• MATERIAL FOR THE TASK:
------------
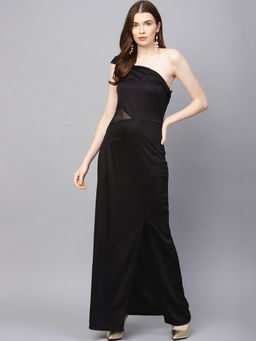 Kazo - Black Sequin Insert Maxi With One Shoulder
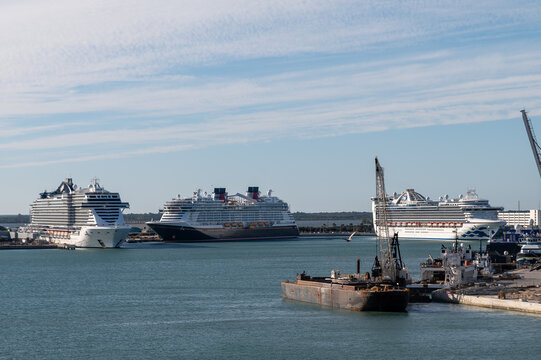 Three Cruise Ships from MSC, Disney and Princess, docked at Port Canaveral.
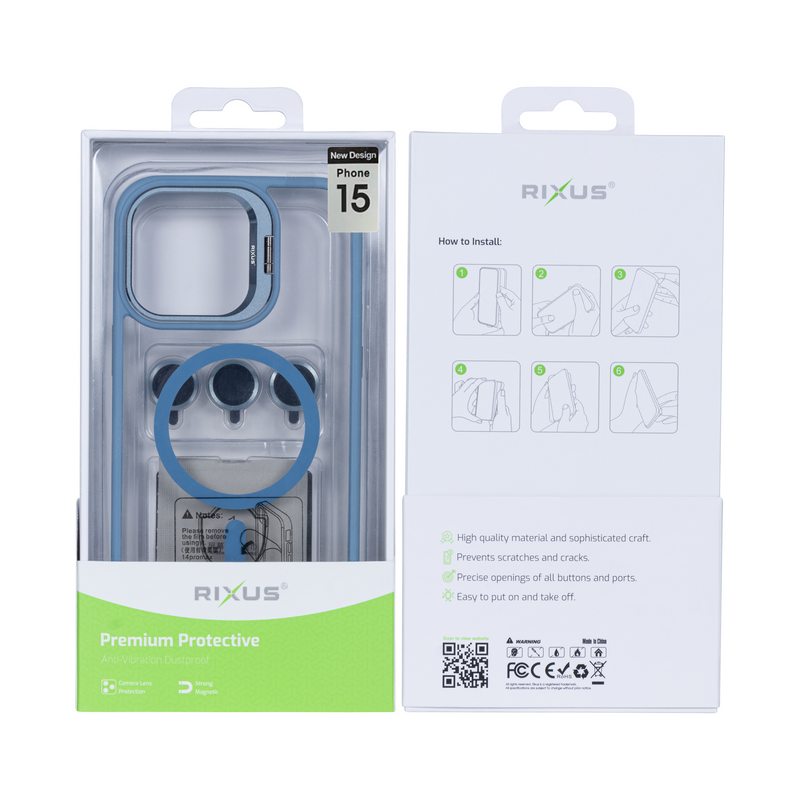 Rixus Classic 03 Case With MagSafe For iPhone 15 Light Blue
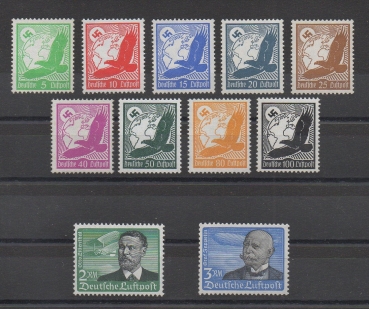 Michel Nr. 529 - 539, Flugpostmarken postfrisch, geprüft BPP.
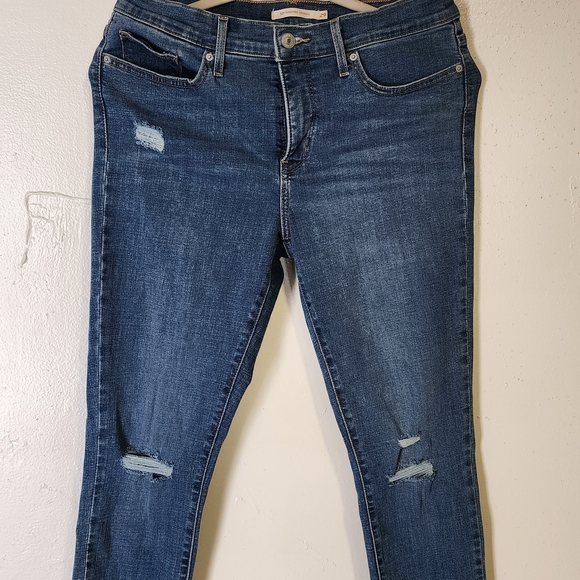 Levi's Denim - Levis 311 Shapping Dark Blue Women's Distressed Skinny Jeans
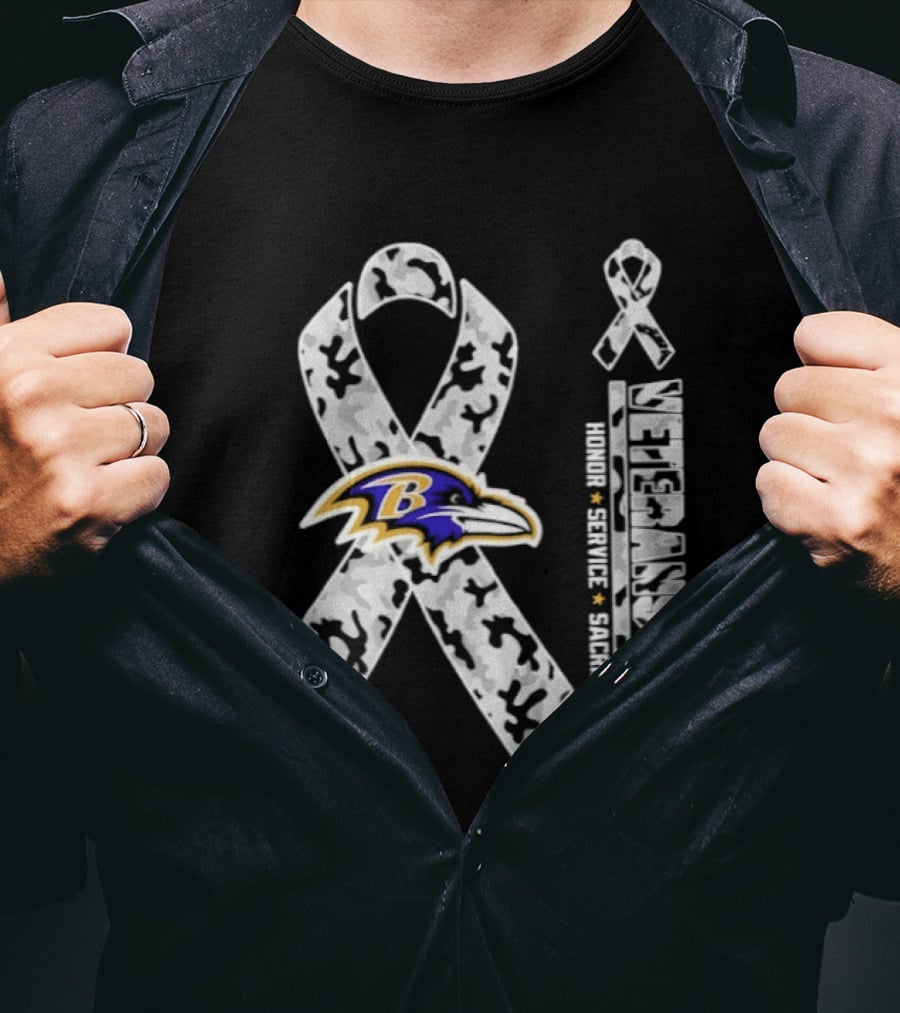Baltimore Ravens Veterans Day 2026 Honor Service Sacrifice Camouflage Ribbon T-Shirt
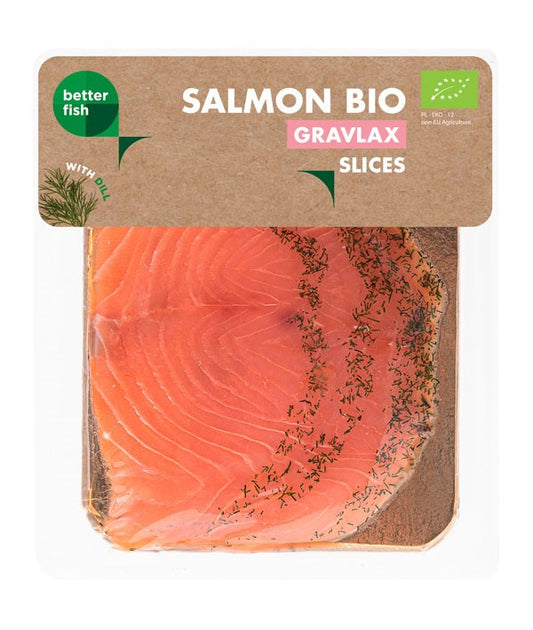 Łosoś atlantycki ekologiczny, plastry marynowane z koprem BIO 100 g  (b salmon)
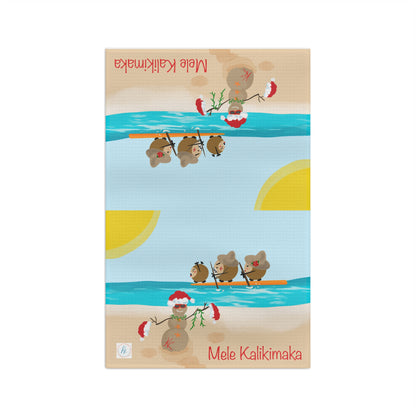 Coconut Family Christmas Paddling Soft Tea Towel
------------
• WHAT THE EXERCISE ASKS:
With the images omitted, return the full material exactly.

• RESPONSE TO THE EXERCISE:
 Kazo - Black Sequin Insert Maxi With One Shoulder
 Three Cruise Ships from MSC, Disney and Princess, docked at Port Canaveral.
 Rixus Classic 03 Case With MagSafe For iPhone 15 Light Blue
 Michel Nr. 529 - 539, Flugpostmarken postfrisch, geprüft BPP.
 Levi's Denim - Levis 311 Shapping Dark Blue Women's Distressed Skinny Jeans
Baltimore Ravens Veterans Day 2026 Honor Service Sacrifice Camouflage Ribbon T-Shirt
 Łosoś atlantycki ekologiczny, plastry marynowane z koprem BIO 100 g  (b salmon)
 Coconut Family Christmas Paddling Soft Tea Towel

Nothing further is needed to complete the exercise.